Même si le secteur ne devient jamais une paroisse religieuse, Grand-Fonds reste un lieu d’où ont émergé des vocations religieuses. Parmi celles-ci, le père Vincent Harvey, dominicain, a marqué l’histoire du Québec. Directeur de la revue Maintenant de 1965 à sa mort survenue en 1972, le Père Vincent Harvey (né Gérard Harvey à Grand-Fonds en 1923) est un religieux fort érudit qui prend une importance intellectuelle majeure dans le Québec de la Révolution Tranquille. Il a ainsi influencé des penseurs et des personnalités politiques comme le sociologue Fernand Dumont, l’écrivaine Hélène Pelletier-Baillargeon, des anciens ministres québécois comme Jacques-Yvan Morin ou Louis O’Neil. Le Père Vincent Harvey reste toute sa vie proche des gens de Grand-Fonds. Il revient chaque année pêcher et chasser dans le secteur. Le 25 décembre 1953, le Père Vincent Harvey préside la première messe de minuit célébrée dans la chapelle de Grand-Fonds. Depuis cette date, il y a à chaque année une messe de minuit dans la chapelle de Grands-Fonds et les habitants du lieu gardent toujours précieusement le souvenir du Père Vincent Harvey.
 
Site récréatif et touristique, Grand-Fonds n’est pas un lieu officiel sur la carte.
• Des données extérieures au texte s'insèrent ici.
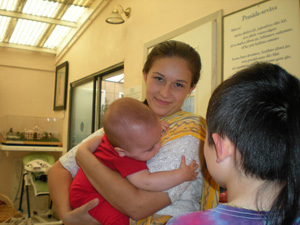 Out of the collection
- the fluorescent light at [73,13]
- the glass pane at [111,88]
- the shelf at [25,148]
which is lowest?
the shelf at [25,148]

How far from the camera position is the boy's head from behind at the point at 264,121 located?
59cm

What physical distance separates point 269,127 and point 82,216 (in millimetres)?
828

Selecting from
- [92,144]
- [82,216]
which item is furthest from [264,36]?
[82,216]

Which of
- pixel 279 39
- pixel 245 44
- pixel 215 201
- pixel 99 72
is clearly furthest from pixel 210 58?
pixel 99 72

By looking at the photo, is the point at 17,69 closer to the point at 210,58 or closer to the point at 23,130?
the point at 23,130

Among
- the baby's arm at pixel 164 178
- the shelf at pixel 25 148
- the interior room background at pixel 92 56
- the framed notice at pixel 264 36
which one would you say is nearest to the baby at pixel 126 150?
the baby's arm at pixel 164 178

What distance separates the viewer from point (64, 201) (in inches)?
49.0

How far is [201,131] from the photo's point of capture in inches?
43.9

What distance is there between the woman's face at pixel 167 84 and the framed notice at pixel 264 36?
2.15ft

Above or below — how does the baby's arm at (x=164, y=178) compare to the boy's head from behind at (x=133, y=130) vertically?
below

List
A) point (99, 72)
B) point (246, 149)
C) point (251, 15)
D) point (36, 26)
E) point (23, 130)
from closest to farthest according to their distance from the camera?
point (246, 149) < point (251, 15) < point (99, 72) < point (36, 26) < point (23, 130)

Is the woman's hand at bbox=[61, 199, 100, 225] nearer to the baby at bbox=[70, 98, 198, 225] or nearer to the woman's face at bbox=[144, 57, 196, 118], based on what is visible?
the baby at bbox=[70, 98, 198, 225]

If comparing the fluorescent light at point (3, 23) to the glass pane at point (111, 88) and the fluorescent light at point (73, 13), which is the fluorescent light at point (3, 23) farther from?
the glass pane at point (111, 88)

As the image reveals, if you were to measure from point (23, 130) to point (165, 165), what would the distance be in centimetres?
536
Mais, pour ceux qui l’habitent et aussi pour les visiteurs qui le fréquentent, c’est un milieu naturel attirant et un site chargé de l’histoire d’une population enracinée depuis plus de cent-cinquante ans sur place, fière de son héritage local dont la chapelle désormais centenaire reste le signe le plus tangible.


Bibliographie :

Chamberland, Jean-Marie. « Sainte-Émérentienne du Grand-Fonds : les cent ans d’une mission », Charlevoix, 15, novembre 1992, p. 21-31.